Executive shall execute, verify and deliver such documents and perform such other acts (including appearances as a witness) as the Company may reasonably request for use in applying for, obtaining, perfecting, evidencing, sustaining, and enforcing such Proprietary Rights and the assignment thereof. In addition, Executive shall execute, verify, and deliver assignments of such Proprietary Rights to the Company or its designees. Executive’s obligation to assist the Company with respect to Proprietary Rights relating to such Inventions in any and all countries shall continue beyond the termination of Executive’s employment with the Company.

 

(c)                                  Executive hereby waives and quitclaims to the Company any and all claims, of any nature whatsoever, that Executive now or may hereafter have for infringement of any Proprietary Rights assigned hereunder to the Company.

 

10.                               Nondisparagement. Neither party hereto shall, whether in writing or orally, malign, denigrate or disparage Executive, the Company, any member of the Crestview Group, their respective subsidiaries or Affiliates, their respective predecessors and successors, or any of the current or former directors, officers, employees, shareholders, partners, members, agents or representatives of any of the foregoing, with respect to any of their respective past or present activities, or otherwise publish (whether in writing or orally) statements that tend to portray any of the aforementioned parties in an unfavorable light. The Company’s obligations under the preceding sentence shall be limited to instructing its and its direct subsidiaries’ senior corporate executives having the rank of Senior Vice President or above to refrain from, whether in writing or orally, maligning, denigrating or disparaging Executive with respect to any of his past or present activities, or otherwise publish (whether in writing or orally) statements that tend to portray Executive in an unfavorable light.

 

11.                               Notification of Subsequent Employer. Executive hereby agrees that prior to accepting employment with, or agreeing to provide services to, any other Person during any period during which Executive remains subject to any of the covenants set forth in Section 6, Executive shall provide such prospective employer with written notice of such provisions of this Agreement, with a copy of such notice delivered simultaneously to the Company; provided, however, that Executive shall not be required to provide a prospective employer with such written notice if such employer engages in a business completely unrelated to the Competitive Activities.

 

12.                               Remedies and Injunctive Relief.

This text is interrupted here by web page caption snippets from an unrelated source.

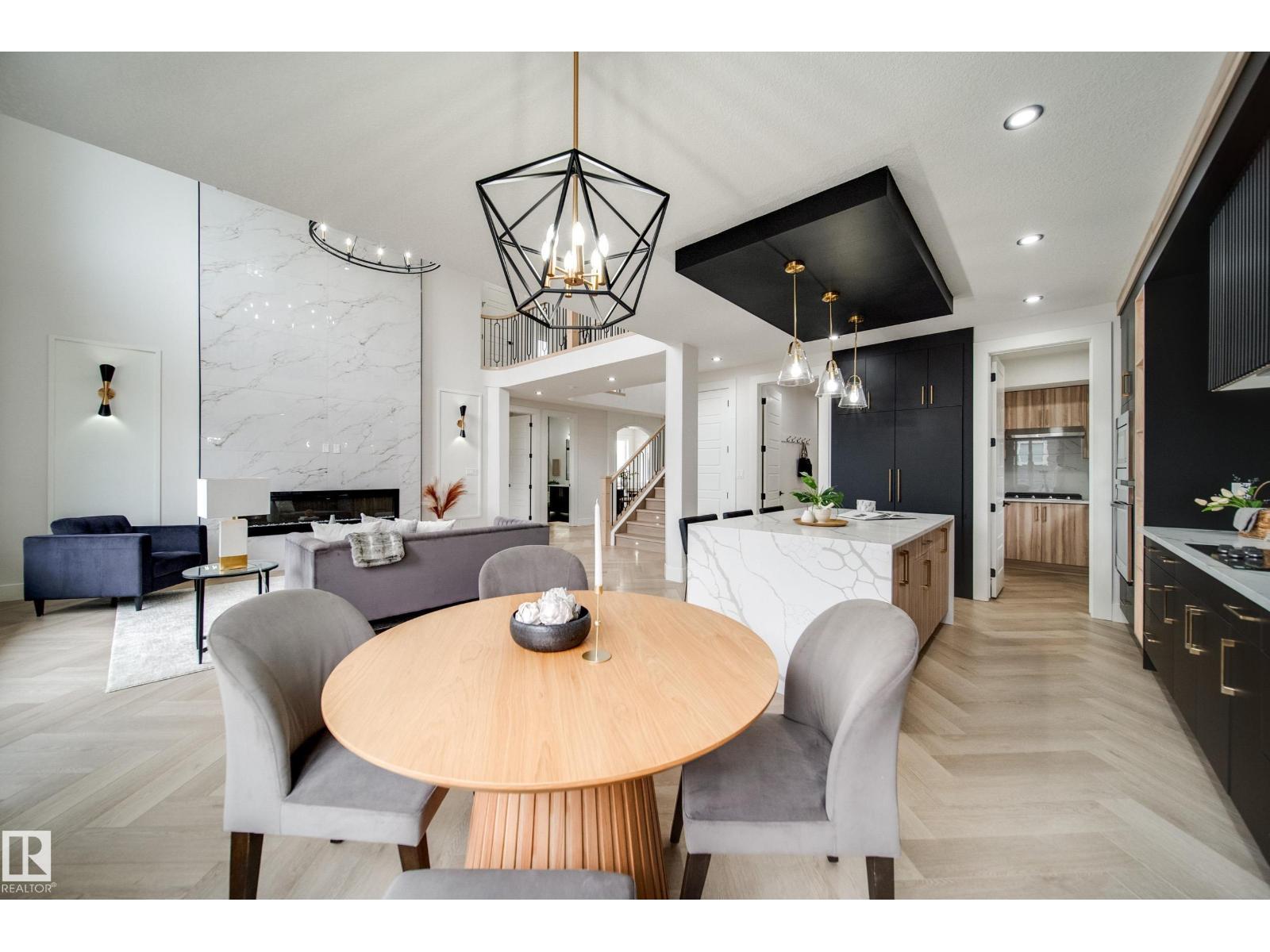4004 Ginsburg Cr Nw, Edmonton, Alberta  T5T 4V2 - Photo 13 - E4457018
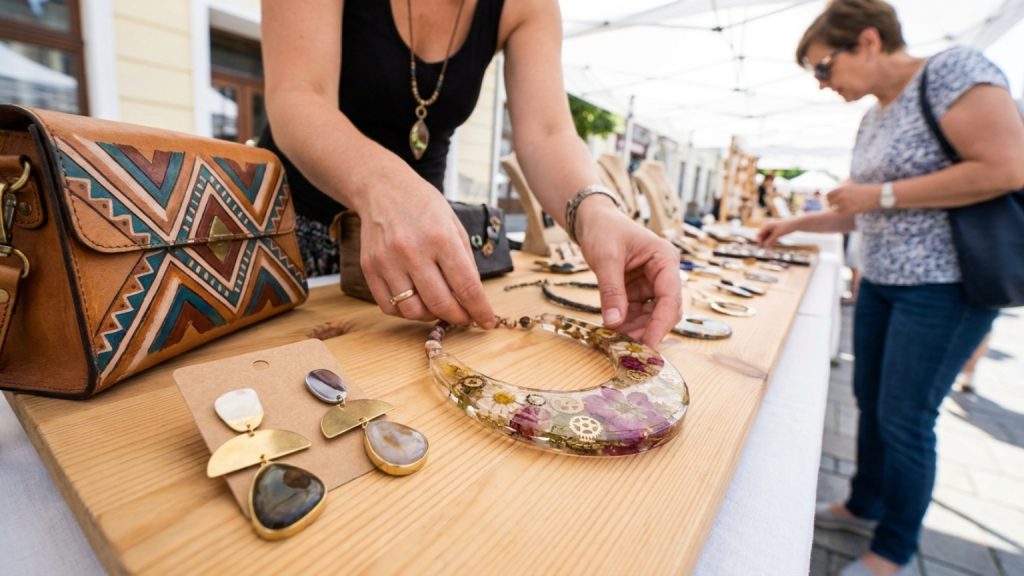 ¿Qué hace a los complementos para mujer realmente originales?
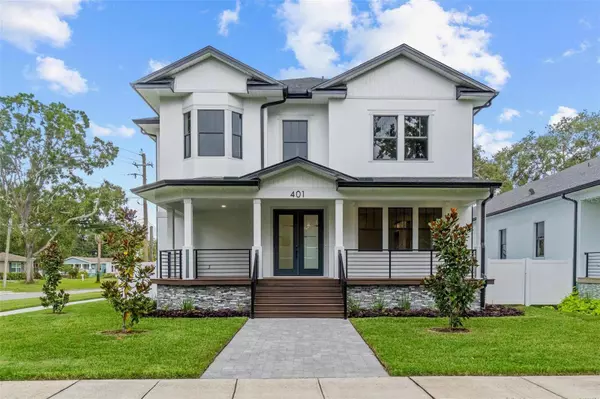 401 PARK BLVD, Oldsmar, FL 34677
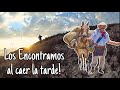 TESOROS Perdidos Por Los ARRIEROS/ Hace Más de 300 años!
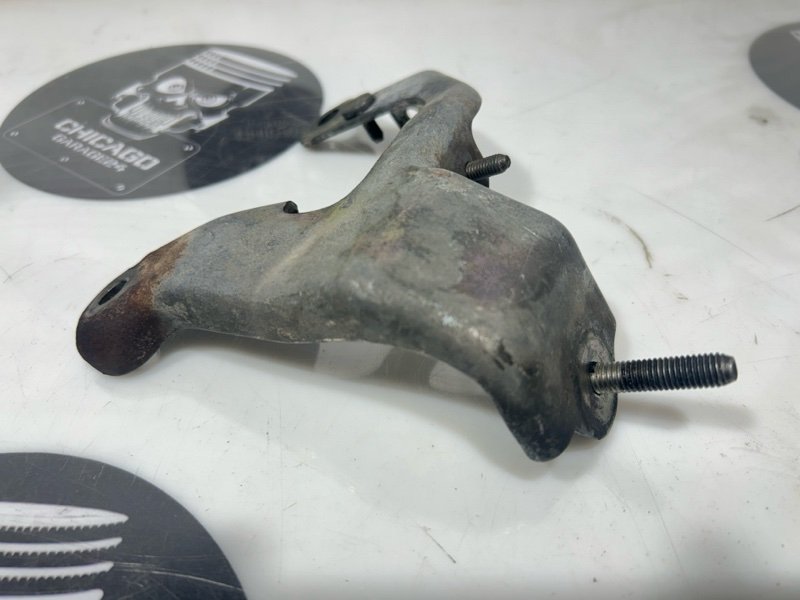 Кронштейн интеркулера, 600 рублей, Красноярск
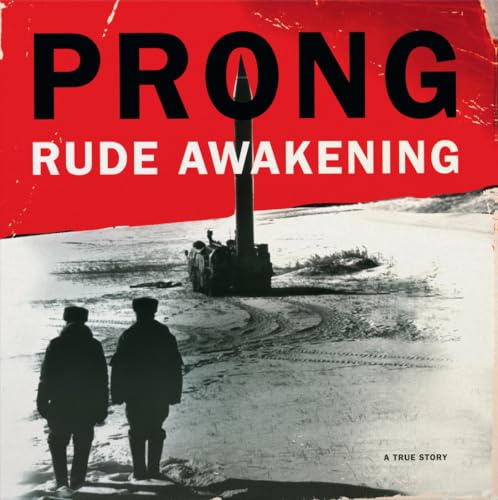 Pochette de Rude Awakening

Executive acknowledges that a violation by Executive of any of the covenants contained in Section 6, 7, 8, 9 or 10 would cause irreparable damage to the Company in an amount that would be material but not readily ascertainable, and that any remedy at law (including the payment of damages) would be inadequate. Accordingly, Executive agrees that, notwithstanding any provision of this Agreement to the contrary, the Company shall be entitled (without the necessity of showing economic loss or other actual damage) to injunctive relief (including temporary restraining orders, preliminary injunctions and/or permanent injunctions) in any court of competent jurisdiction for any actual or threatened breach of any of the covenants set forth in Section 6, 7, 8, 9, or 10 in addition to any other legal or equitable remedies they may have. The preceding sentence shall not be construed as a waiver of the rights that the Company may have for damages under this Agreement or otherwise, and all of the Company’s rights shall be unrestricted.

 

12

 

13.                               Representations of Executive; Advice of Counsel. (a) Executive represents, warrants and covenants that as of the date hereof and as of the Effective Date: (i) Executive has the full right, authority and capacity to enter into this Agreement and perform Executive’s obligations hereunder, (ii) Executive is not bound by any agreement that conflicts with or prevents or restricts the full performance of Executive’s duties and obligations to the Company hereunder during or after the Term, (iii) the execution and delivery of this Agreement shall not result in any breach or violation of, or a default under, any existing obligation, commitment or agreement to which Executive is subject and (iv) Executive is not a party to any agreement with Adams or any Affiliate of Adams providing for the employment or services of Executive, or any compensation in respect thereof (other than this Agreement and the Profits Units Award).

 

(b)                                 Prior to execution of this Agreement, Executive was advised by the Company of Executive’s right to seek independent advice from an attorney of Executive’s own selection regarding this Agreement. Executive acknowledges that Executive has entered into this Agreement knowingly and voluntarily and with full knowledge and understanding of the provisions of this Agreement after being given the opportunity to consult with counsel. Executive further represents that in entering into this Agreement, Executive is not relying on any statements or representations made by any of the Company’s directors, officers, employees or agents which are not expressly set forth herein, and that Executive is relying only upon Executive’s own judgment and any advice provided by Executive’s attorney.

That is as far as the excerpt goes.